MN (talk)18:10, 28 August 2018

my case is noise in another dimension ;)

however if noise is added to the main dimension,

it will be

sqrt((1 + x)^2 + 1)

vs

|1 + x | + 1

and if we put two curves together (shifted so that tey intersects on x=0)

http://robowiki.net/w/images/5/5a/C3BD3E15-EEB6-4F63-826F-7C1F5E54A78E.gif

euclidean looks terrible with large noise in one dimension, and manhattan looks robust.

Xor (talk)02:53, 29 August 2018
 
 

I think it is due to the noise rejection. For me it is the ratio between how a small change in a lot of dimensions is weighted compared to a big change in a single dimension, as you demonstrated above. You can also think about it like the difference between L1 and L2 distance, how they would affect a minimization problem. L1 rejects large noises, and is the most robust you can get while still maintaining a convex search space.
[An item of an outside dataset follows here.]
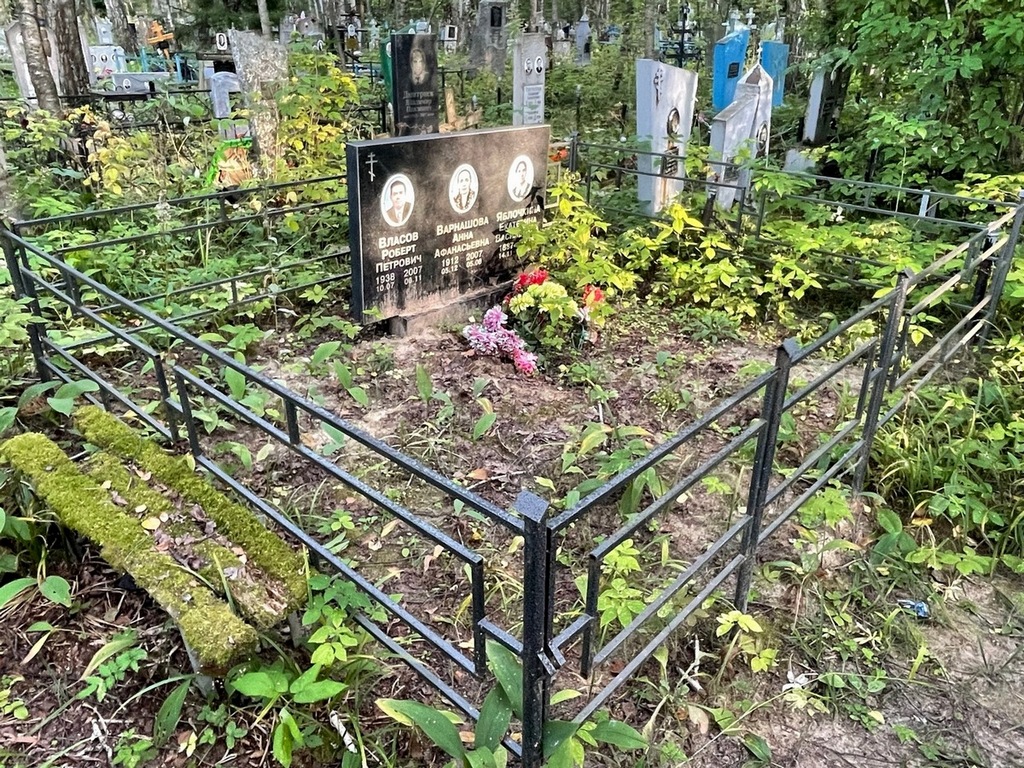 Власов Роберт Петрович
L2 has a gradient that gets larger the bigger the distance, so dimensions with more error are effectively weighted higher, and weighted higher than just proportional to the amount of error.

Skilgannon (talk)18:15, 28 August 2018
 

Rethinking this after 4.5 years, L1/L2 distancing resembles L1/L2 norm in logistic regression, where L1 norm tend to find weights with more zeros, and L2 norm tend to find equal but non-zero weights for co-linear attributes. Since no one is using duplicated attributes due to limited dimensionality, this benefit of L2 norm is nullified.

The property of having more zeros of L1 norm reminds me of pattern matching, where zero means a match and non-zero means a mismatch. Being able to make a partial but best-effort match effectively simulates using a large amount of trees, each having a subset of the attributes.